De l’autre côté – (Turquie/Allemagne – 2h02) de Fatih Akin avec Baki Davrak, Nursel Kose, Hanna Schygulla…
Le tourbillon de la vie
Un père alcoolique, une prostituée, un prof de fac, une militante politique turque, une étudiante allemande, une mère divorcée… Fatih Akin nous raconte une histoire touchante à travers le parcours croisé de ces six personnages entre l’Allemagne et la Turquie. Son nouvel opus ne souffre pas de l’artificialité propre à de nombreux films « choraux » (vous avez dit Babel ?) : il y a ici une cohérence, une unité narrative forte qui rend le récit très fluide alors que l’histoire qui nous est contée s’avère plutôt complexe.

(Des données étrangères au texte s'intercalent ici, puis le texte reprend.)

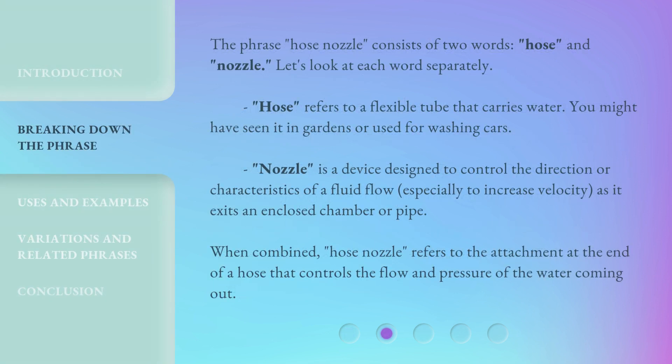The phrase 'hose nozzle' consists of two words: hose and nozzle. Let's look at each word separately. Hose refers to a flexible tube that carries water — you might have seen it in gardens or used for washing cars. Nozzle is a device designed to control the direction or characteristics of a fluid flow, especially to increase velocity as it exits an enclosed chamber or pipe.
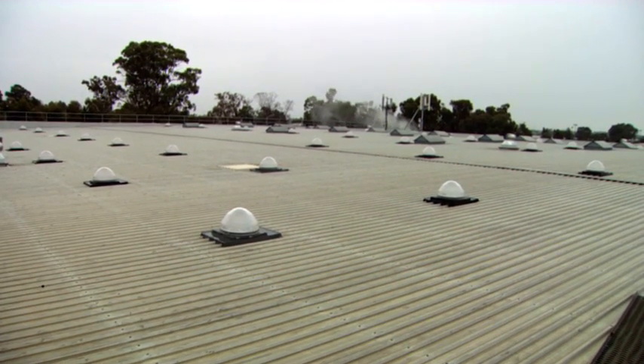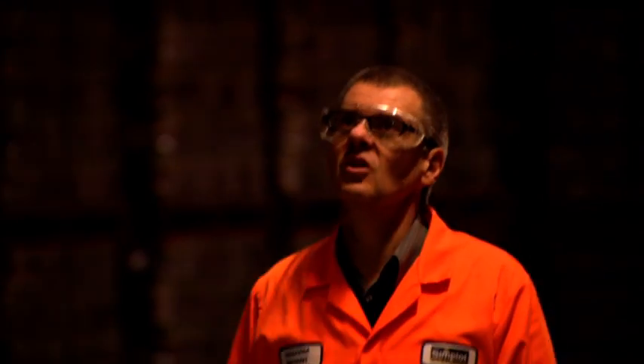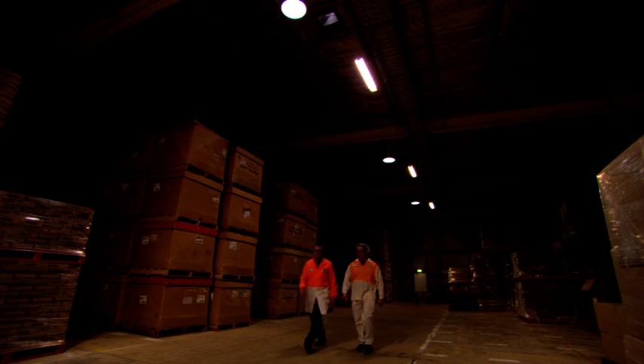Here in the Echuca warehouse, we recently put a project in to save energy. We've installed 27 solar tubes into the roof of this warehouse and replaced 400 watt metal halide lamps with fluorescent globes with sensors attached. When you walk into the warehouse, the sensor will pick up that you're there.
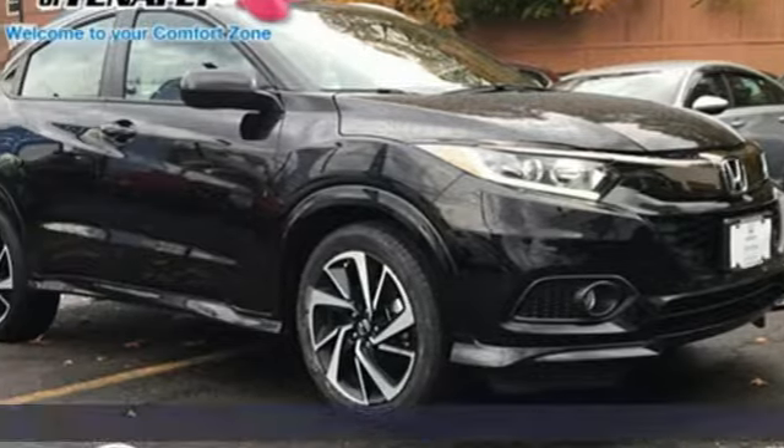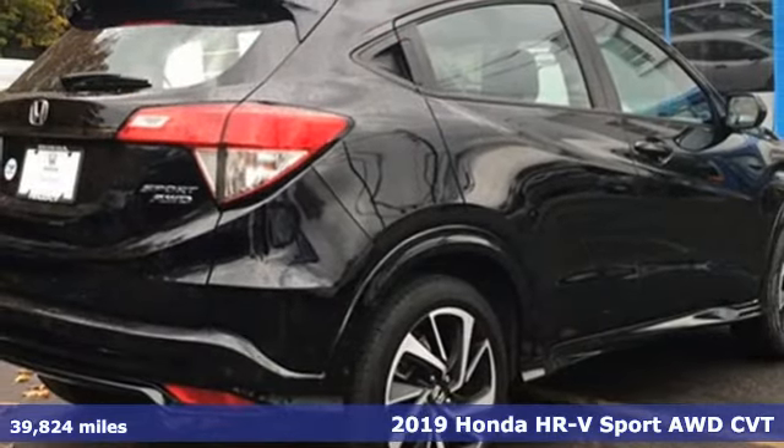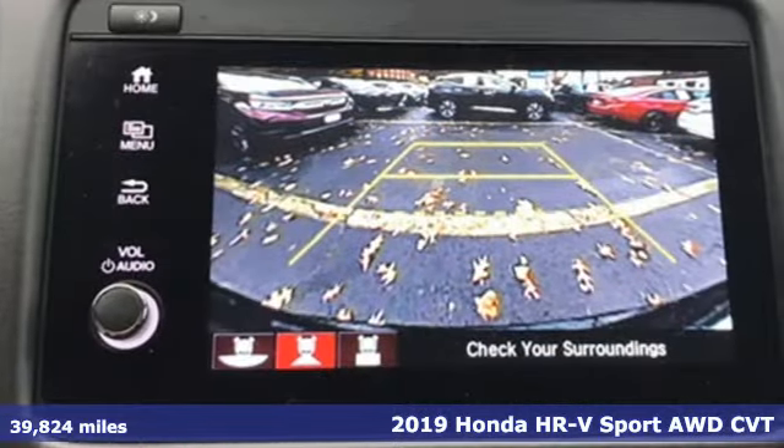Here's a 2019 Honda HR-V. Is it an SUV, hatchback, or compact? Yes, and it's in a category all its own.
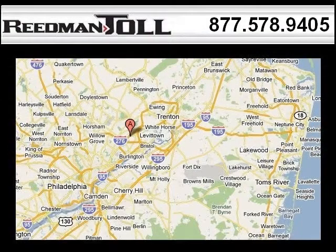Come in today and take a look for yourself. Reedman Toll is the dealership for you, conveniently located in Langhorne, PA off of I-95.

Le jury du dernier festival de Cannes ne s’est pas trompé en lui attribuant le prix du meilleur scénario. Alors qu’on pouvait s’attendre à des oppositions « de blocs » — Orient/Occident, homme/femme… —, c’est à l’intérieur même de la famille que les scissions s’opèrent. La rupture de ce lien fort et premier obligera chacun à chercher par la suite un parent de substitution, cette quête demeurant le véritable moteur du film. Plus que sa portée politique, c’est sa dimension humaniste et tragique qui nous émeut. Les personnages vont se chercher, se croiser sans se voir et se retrouver : la vie selon Akin est un grand manège, une sorte jeu dont nous sommes moins les acteurs que les sujets. On est « pris » dans un mouvement — l’amour, la politique — qui, loin de nous libérer, nous conduit tout droit à la mort. De l’autre côté fait ainsi peut-être plus référence à la camarde qu’à de quelconques frontières. Et si l’enchaînement des faits nous séduit, on ne peut en dire autant du jeu des acteurs, qui peinent parfois à « porter » leurs personnages. On aurait aussi aimé pouvoir profiter un peu plus longtemps de ces quelques plans fixes sur le ciel ou une route, dont la beauté nous suggère bien plus de choses qu’un long discours. Rien de grave toutefois, ces petits défauts ne rendent le film que plus touchant.